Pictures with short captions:
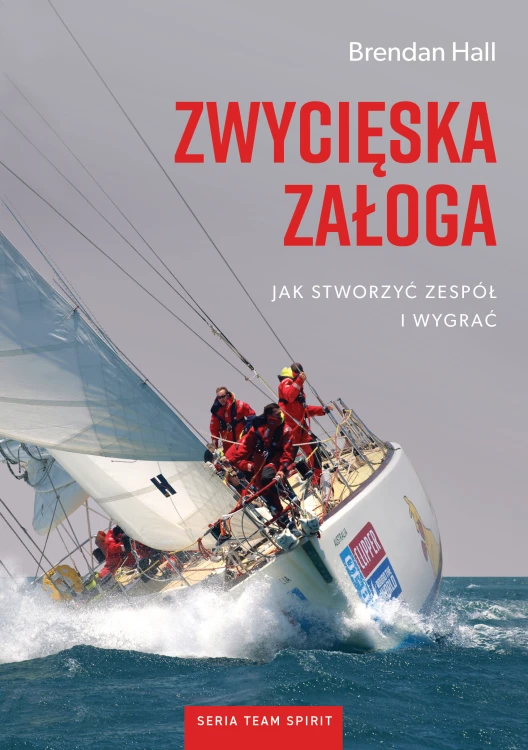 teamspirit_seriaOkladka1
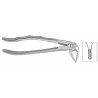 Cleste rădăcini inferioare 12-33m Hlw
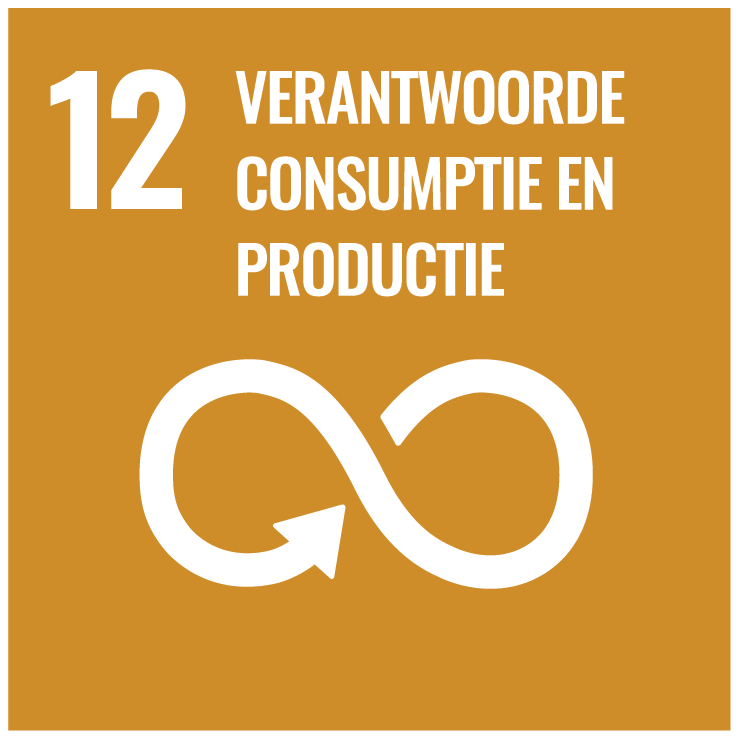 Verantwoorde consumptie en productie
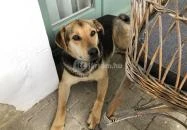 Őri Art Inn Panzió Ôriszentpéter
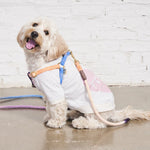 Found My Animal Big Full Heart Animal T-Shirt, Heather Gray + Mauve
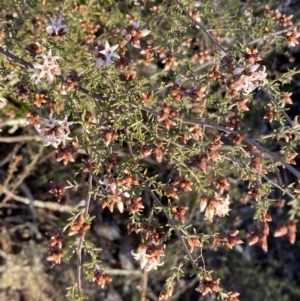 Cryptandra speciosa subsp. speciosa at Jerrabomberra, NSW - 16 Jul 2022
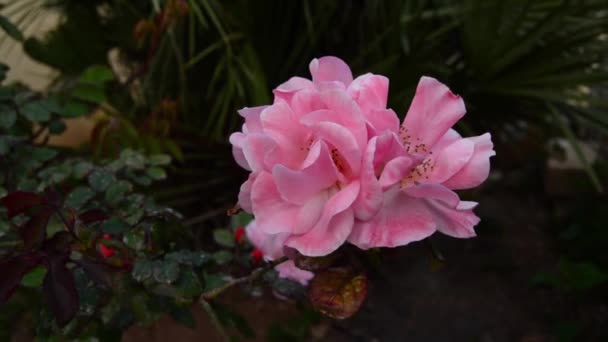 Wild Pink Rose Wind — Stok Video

• TASK BRIEF
Starting at the line that contains "Cleste rădăcini inferioare 12-33m Hlw", write out every line through the end of the entries, both ends included, without any pictures.

• COMPLETED TASK
 Cleste rădăcini inferioare 12-33m Hlw
 Verantwoorde consumptie en productie
 Őri Art Inn Panzió Ôriszentpéter
 Found My Animal Big Full Heart Animal T-Shirt, Heather Gray + Mauve
 Cryptandra speciosa subsp. speciosa at Jerrabomberra, NSW - 16 Jul 2022
 Wild Pink Rose Wind — Stok Video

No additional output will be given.